Noyades : 28 morts en seulement deux mois
Le lieutenant-colonel Khalil Meshri a rapporté 28 décès par noyade en deux mois, dont 19 durant le mois d’avril et 9 depuis le 1er mai. La Protection civile prévoit de sécuriser toutes les plages tunisiennes d’ici la fin du mois de juillet, avec la mobilisation de 2 000 à 2 300 maîtres-nageurs sauveteurs.
Le bilan s’avère lourd et alarmant. Le lieutenant-colonel Khalil Meshri, chef de la sous-direction des opérations et du suivi à la direction des opérations de la Protection civile, a rapporté 28 décès par noyade au cours des deux derniers mois. Parmi ceux-ci, 19 décès ont été comptabilisés en avril dernier, et 9 autres depuis le 1er mai jusqu’à ce jour. Ces chiffres sont qualifiés de « particulièrement élevés et inédits » par rapport à la même période des années antérieures.
Dans une intervention à la radio, le lieutenant-colonel Meshri a précisé que la majorité des victimes sont des jeunes, en particulier des lycéens et des étudiants. Ces derniers se rendent massivement sur les plages pour se divertir et faire la fête entre amis, souvent juste après avoir passé le « Bac Sport » ou les examens officiels.
Un appel urgent à la vigilance a été lancé : « La mer est actuellement dangereuse. »
Au regard de cette situation, le responsable a adressé un message clair à la population : « La mer n’est pas sûre pour la baignade en ce moment, et le danger est bien réel car les plages ne sont pas encore prêtes. La mer cache actuellement des courants marins violents et des fosses profondes. Toute tentative d’aventure au large épuisera rapidement l’énergie du baigneur et mènera à la noyade, d’autant plus que les secours ne pourront pas intervenir avec la rapidité requise en cette période pré-saisonnière. »
En ce qui concerne les préparatifs de la Protection civile pour le pic de la saison estivale, le lieutenant-colonel a déclaré que l’objectif est de sécuriser toutes les plages tunisiennes d’ici la fin du mois de juillet. Pour atteindre cet objectif, la mobilisation de 2 000 à 2 300 maîtres-nageurs sauveteurs sera nécessaire.
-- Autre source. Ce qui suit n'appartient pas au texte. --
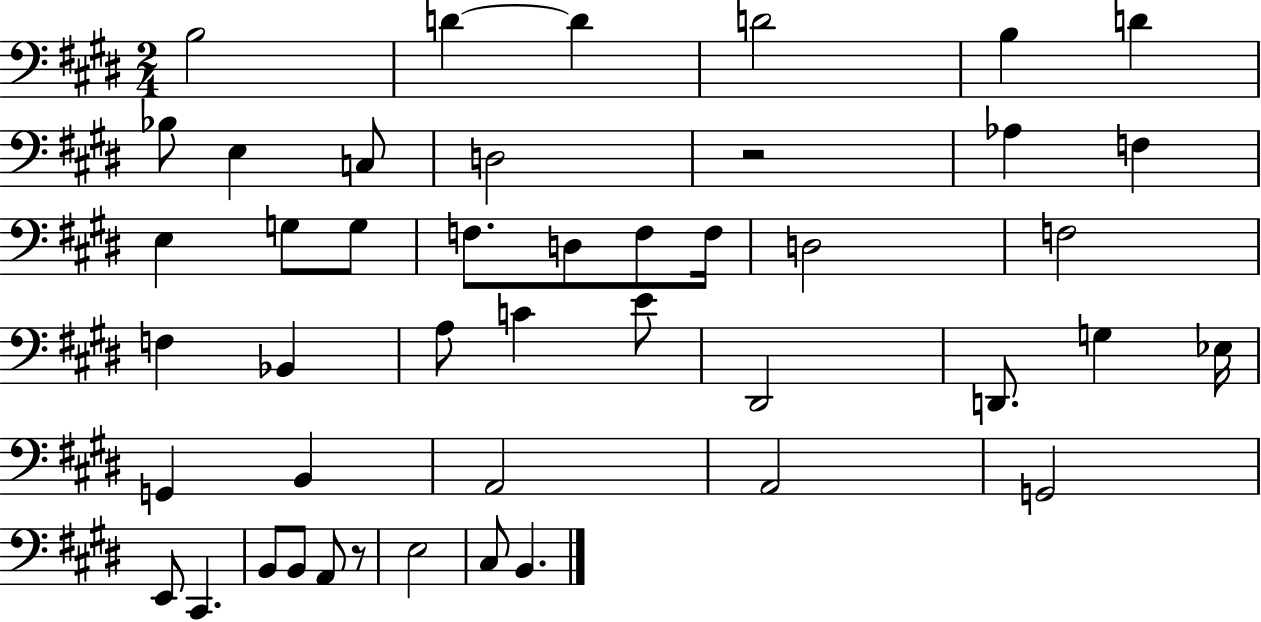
X:1
T:Untitled
M:2/4
L:1/4
K:E
B,2 D D D2 B, D _B,/2 E, C,/2 D,2 z2 _A, F, E, G,/2 G,/2 F,/2 D,/2 F,/2 F,/4 D,2 F,2 F, _B,, A,/2 C E/2 ^D,,2 D,,/2 G, _E,/4 G,, B,, A,,2 A,,2 G,,2 E,,/2 ^C,, B,,/2 B,,/2 A,,/2 z/2 E,2 ^C,/2 B,,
### Recrutement et organisation : un dispositif conjoint
Concernant le système de recrutement et de formation, Khalil Meshri a expliqué que les candidats doivent soumettre leurs dossiers auprès des municipalités compétentes. La Protection civile se charge ensuite d’effectuer les tests d’aptitude. Les candidats sélectionnés suivent une formation intensive d’une semaine avant de débuter officiellement leurs fonctions.
Sur le plan financier et organisationnel, le dispositif est conjoint : les municipalités gèrent le recrutement et le versement des salaires à travers des budgets alloués, tandis que la Protection civile assure la supervision technique, la répartition sur les plages et le suivi quotidien.
### La prime mensuelle portée à 1 000 dinars pour contrer la pénurie
Le lieutenant-colonel Khalil Meshri a également annoncé, lors de son passage à la radio, une mesure financière exclusive : le doublement de la prime accordée aux maîtres-nageurs sauveteurs, qui atteindra désormais près de 1 000 dinars bruts par mois.
Cette initiative vise à remédier au désintérêt croissant des jeunes pour ce métier. Ce manque de motivation s’explique par la coïncidence entre le début de la période de surveillance et la saison des examens, mais également par la durée des journées de travail, qui se déroulent de 8h00 ou 9h00 du matin (selon les plages) jusqu’à 18h00.
Enfin, face aux préoccupations concernant le manque de concentration de certains sauveteurs, parfois attirés par des emplois secondaires dans les restaurants ou cafés de plage, le responsable s’est voulu rassurant. Il a affirmé que les maîtres-nageurs opèrent sous le contrôle direct de la Protection civile. Des agents y sont déployés en permanence comme superviseurs, et des inspections périodiques et inopinées sont effectuées par les directions régionales et centrales pour garantir une discipline stricte et protéger des vies humaines.